ピアスを開けた話

 意味もドラマもないけれどまたピアスを開けた。十代のとき以来だ。当時は耳、唇、舌ぜんぶで6つほど開いていて、就職したタイミングで舌以外のぜんぶを外した。残ったセンタータンはずっと開いたままだった。ピアスをまた開けようという気持ちはそれ以来ずっとなかったのだけど、6月頭に精神的な論理破綻が到来して、そのときにまた開けようかなという気持ちが芽生えた。自分でも意外だった。

 Googleで検索するとあっけなくよさげな画像が見つかった。センタータンが開いていてタンエッジにキャプティブビーズリングが右側に2つ並んでいる画像だった。一目でこれだと思った。センターはもう開いているから、タンエッジ二箇所を開けるだけだ。


 去年までひものような生活をしていて、でもそれでは全然自由を感じることはできなかった。金の観念を強めた結果に終わったように思う。
 そしてまた雇用されることにした。しかしそれは諦めて生きるということではさらさらなく、生きているだけで課される負債を雇用労働に依存することなく自分でなんとかするための、その足がかりとしての資金集めを目的としたものだった。だから十分に資金が溜まったら雇用されることを自分自身に禁止しようと考えていた。
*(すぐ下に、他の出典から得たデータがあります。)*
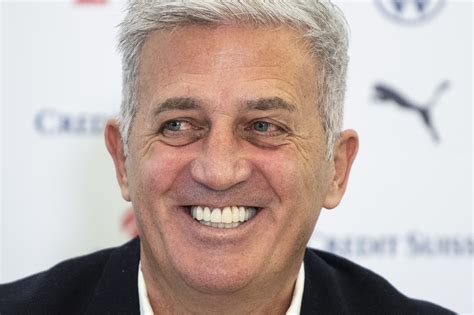 Jul 04, 2021 · swiss manager vladimir petkovic said his team could leave the european championship with their heads high after being eliminated by spain on penalty kicks in the quarter finals on friday. Vladimir Petković soll Rekord-Lohn erhalten - Telebasel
 ぼくは雇用されつつもあくまで自分のルールを実践しようと思っていた。自分の生を雇用主に貸し出しているわけではないのだから当然のことだ。些細なことだけれど、取引先との関係性をビジネスとかいう不愉快なゲームからわざと外れて個人対個人の自然なやりとりに変容させてみたり、既存の無駄なルールを無視して必要だと思えることだけをやってみたりということを実践していた。

 そうするとなぜか社内評価が上がってしまったが、評価が上がるとやらされることが増えるというだけの話で、そんなものは当然ながら求めていない。なので仕事を断ることも増えた。突然休んだりもした。不要な評価は下げていかなければならない。なにを得るためにそこにいるのか? 金だ。評価は金でしか受け付けないよという話だ。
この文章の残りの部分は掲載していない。